I first noticed something 'strange' about PowerBASIC's RND in January 2016. If I used RND in a primary thread and a secondary thread the throughput collapsed. One of the members, Paul Dixon, is an expert on threads, and he wrote: "When both threads call the same code to generate the next number there's a conflict with 2 CPU cores trying to change the same memory locations and the CPU has to re-cache the new number across all the CPU cores before it can continue. In effect, you're repeatedly forcing a cache miss which slows everything down." Sharing the RND code is not an issue but RND uses memory to remember its state vector and that is used on the next call to RND. With RND used in two separate threads the same memory, holding the state vector, is being changed by the two threads and that is where the conflict is.
In the thread 'So, RND is not thread safe then.' Mersenne Twister (MT) comes in at 84MHz. However, if MT is used in a primary thread and a secondary thread the throughput for each drop to 42MHz. MT's state vector is also being changed by the two threads. When I looked at PCG32 I duplicated everything in sight and got no collisions. I wrote that thread in June 2017 only a few months as a member of the forum. St_W introduced me to using procedures in UDTs leading me to PCG32II and I thought it was that when no collisions occurred.
In fact, the reason no collisions occurred was because the state vector was being duplicated and not because the generator was in the UDT. Each time the UDT is used a new memory location is created for the state vector so it will only be changed by the new UDT instance and, therefore, no conflict.
It still makes sense to have the generator as an element of the UDT otherwise we would have to duplicate it but that has nothing to do with collisions.
I no longer disagree with fxm and stand corrected with everything he wrote.
All of FreeBASIC's generators can be made thread safe if each instance can be given a unique memory location for its state vector. That should not be difficult if all the state vectors were the same size, but they are not. However, that should not be unsurmountable. Can I do it? Maybe, but I can think of a few who would get there a lot quicker than me.
Thread local storage? I am not acquainted with that but is sounds interesting.

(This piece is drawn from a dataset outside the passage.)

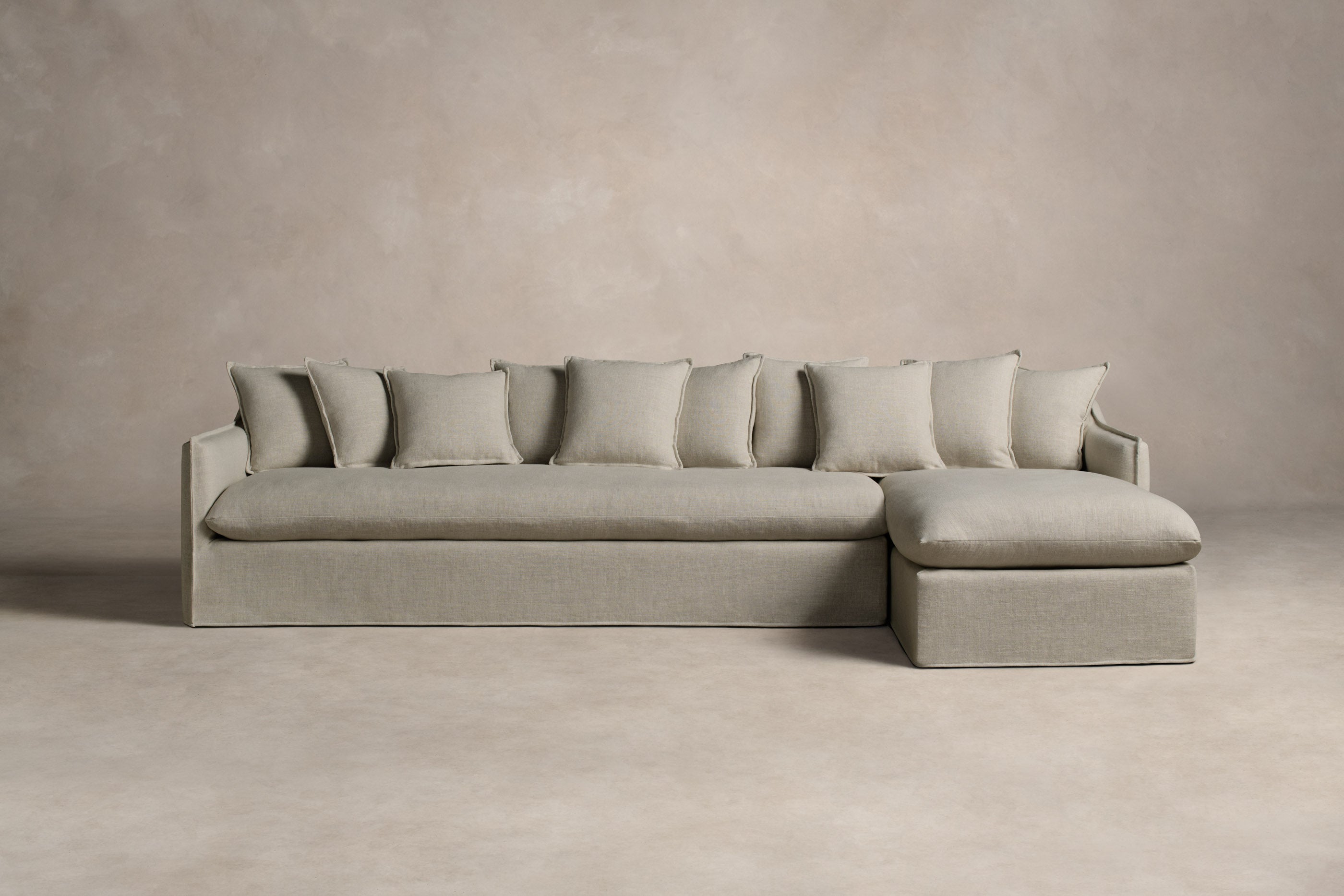 Dune Sectional Sofa - Performance Linen Weave Beige Fabric Couch for Living Room, Lounge & Family Room Comfort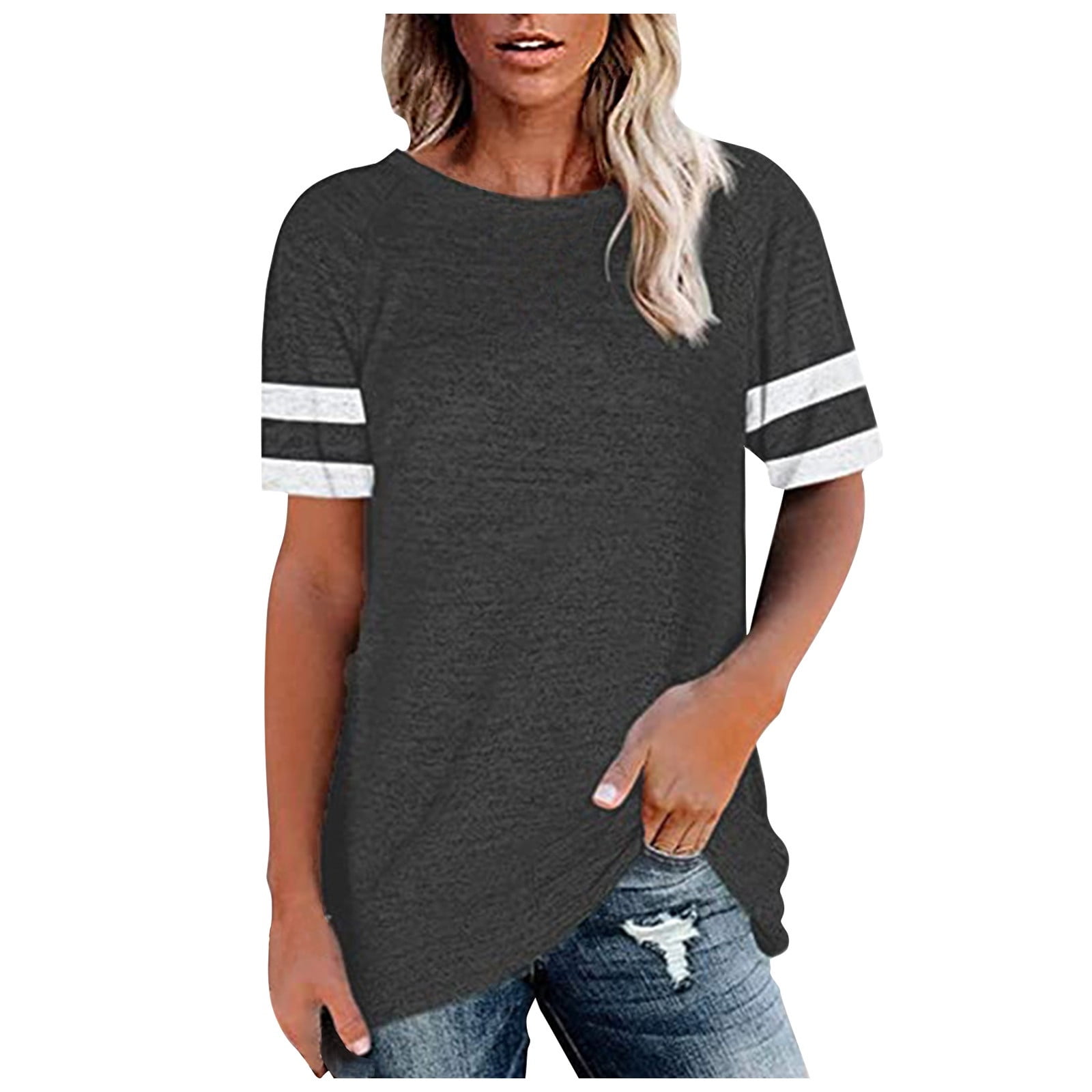 Women Summer Casual Stripe O Neck T Shirt 1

So, who needs a thread safe RND anyway? Not many but coderJeff is looking at it and, I cannot remember which, but two languages at least have thread safe generators, and they did not develop them for the fun of it.
Added:
I then wrote: "It would seem that is also false. It looks like we are using the same sequence but different entry points."Yours truly wrote:So, if pcg32A and pcg32B are seeded differently then not only are we using two separate sequences we are using different sequences.
Oh dear, that is wrong. PCG32 uses a seed and a sequence number. If pcg32A and pcg32B use a different sequence number then we are using different sequences. The state vector is seed and sequence. If we use the same sequence number but a different seed then we are using the same sequence but different entry points. It is amazing what we forget as time marches on.
Corection: In the last paragraph I wrote "The state vector is seed and sequence." That should read "The state vector is state and sequence." The initial state is the seed and it gets updated on each random number request. Even that is not strictly true because the generator is warmed up by burning a bunch of outputs before releasing any random numbers to us.